Claro que isso não é certo, mas, sem essa provocação, todo mundo sai perdendo. Quer dizer, quase todo mundo. Pseudofamosos, os embaixadores da pista VIP, conseguem mais quinze minutinhos de fama. Os amigos dos organizadores, que nem sabem quem está no palco, também têm seu momento, para se sentirem mais importantes. Os artistas descolam mais alguns zeros no cachê ao permitir essa prática. E, é claro, as produtoras, que lucram muito mais com os preços inflacionados dos ingressos. Fora isso, qual é o objetivo da pista VIP? Nenhum outro além de separar fãs de verdade e banda.

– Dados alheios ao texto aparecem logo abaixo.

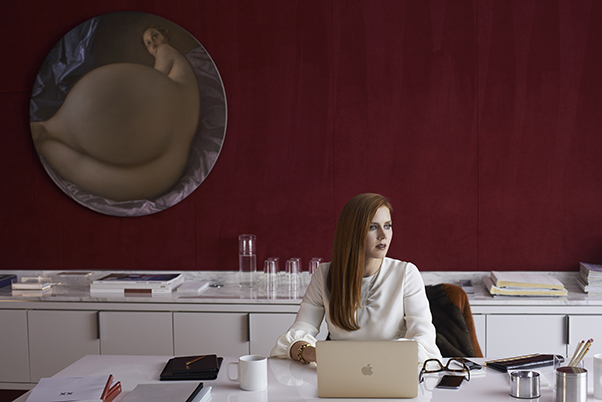 Amy Adams in Nocturnal Animals, beside a John Currin painting. Photograph by Merrick Morton, courtesy of Focus Features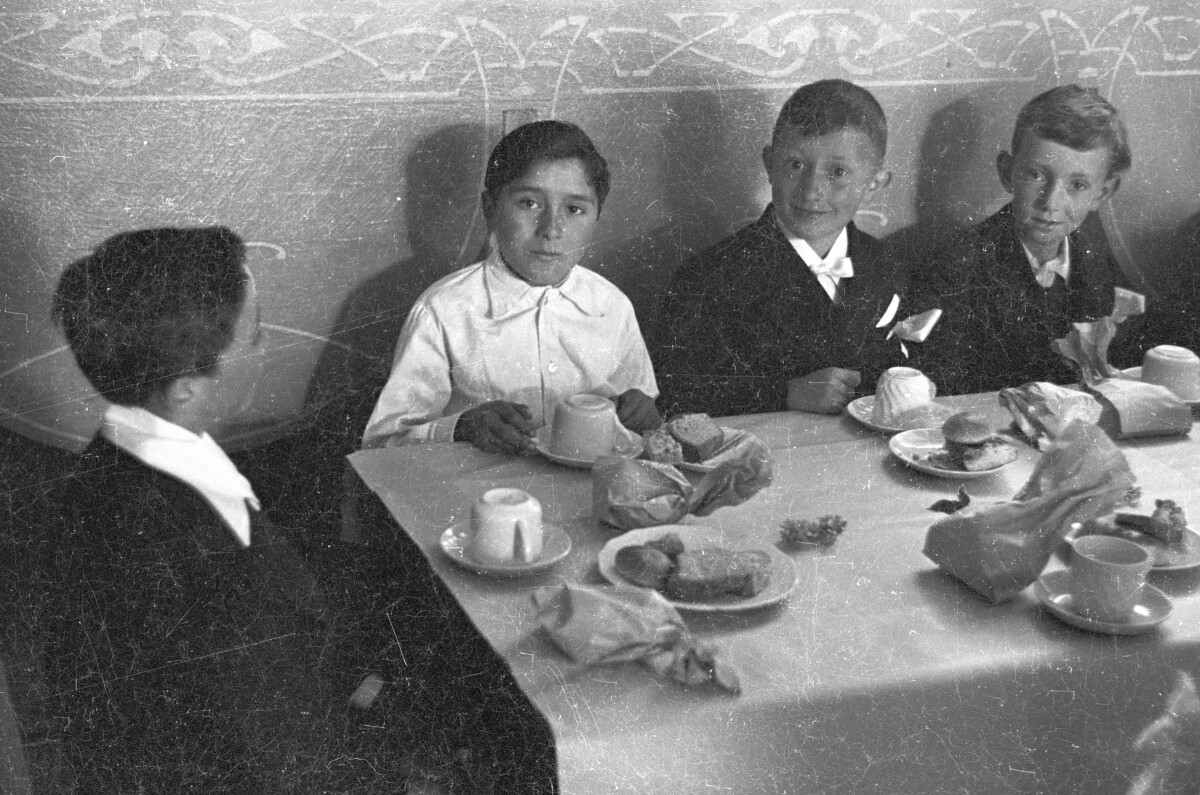 Plano entero de cuatro niños sentados alrededor de una mesa sobre la cual hay platos con galletas y queques. Tres de ellos están mirando hacia la cámara mientras que el cuarto está sentado de perfil sobre su silla. Están en el interior de una infraestructura no identificada celebrando su primera comunión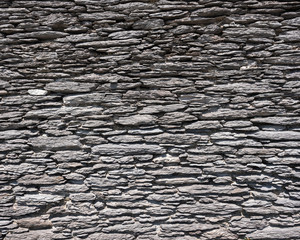 very old wall made of flat natural stones in ireland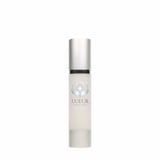 LUEUR skincare serum in white cylindrical bottle with silver metallic cap and lotus logo label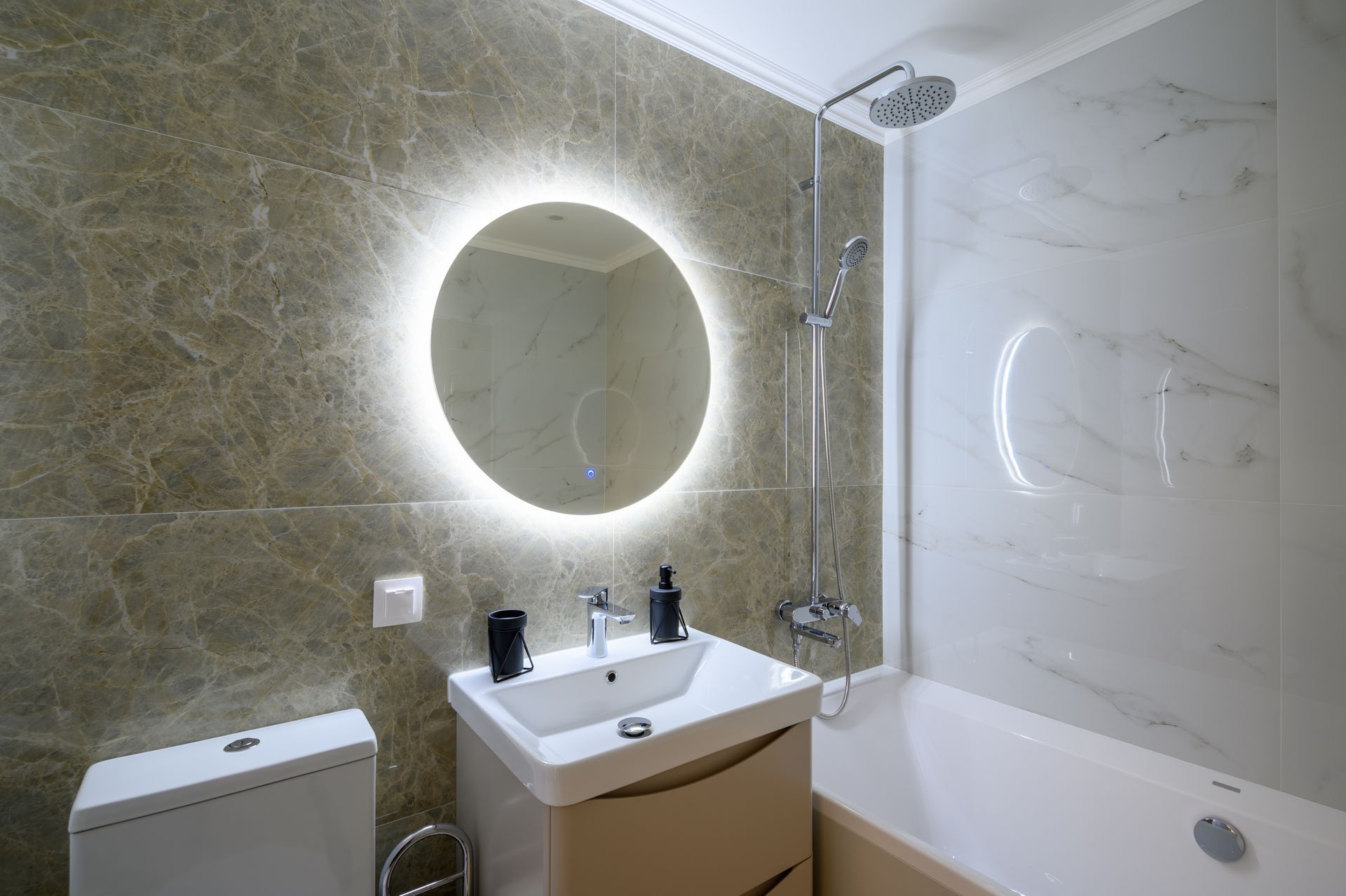 Modern bathroom with lit round mirror, sink, toilet, and bathtub with shower panel Modern bathroom with lit round mirror, sink, toilet, and bathtub with shower panel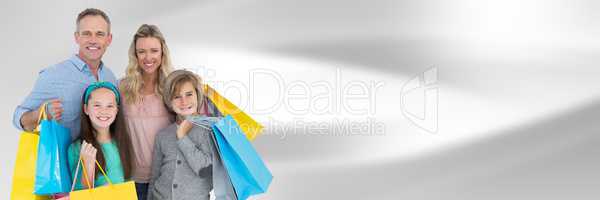 Family with shopping bags against blurry grey abstract background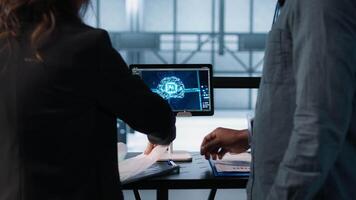 Manager meeting with client in data center to review files, doing handshake after finalizing deal. Server room supervisor reaching agreement with customer after checking documentation, camera A video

Falo isso com conhecimento de causa. No último dia do tão falado SWU Music and Arts Festival, fui de pista VIP pela primeira vez. Ela seria completamente dispensável se, por uma falha imperdoável da organização, os telões não tivessem parado de funcionar durante o show do Queens of the Stone Age, a banda que me levou até lá. Mas não pretendo pagar para ir de pista VIP de novo. Tirando a chance de poder ficar de cara com o palco, não existe nenhuma vantagem. Não é mais confortável, não tem um bar gratuito, não tem banheiro limpo. A pista VIP só separa quem pode pagar mais de quem não pode. E, pelo que eu pude ver, os fãs não estão podendo gastar muito com ingresso, já que não tinham muitos por lá.

O pior é que não há como fazer boicote. Se você não for ao show, qual será a próxima chance? O Paul McCartney, por exemplo, demorou 17 anos para voltar ao Brasil. Não compensa esperar por algo que talvez não aconteça mais. Pelo jeito como as coisas estão caminhando, teremos que nos conformar com esse abuso.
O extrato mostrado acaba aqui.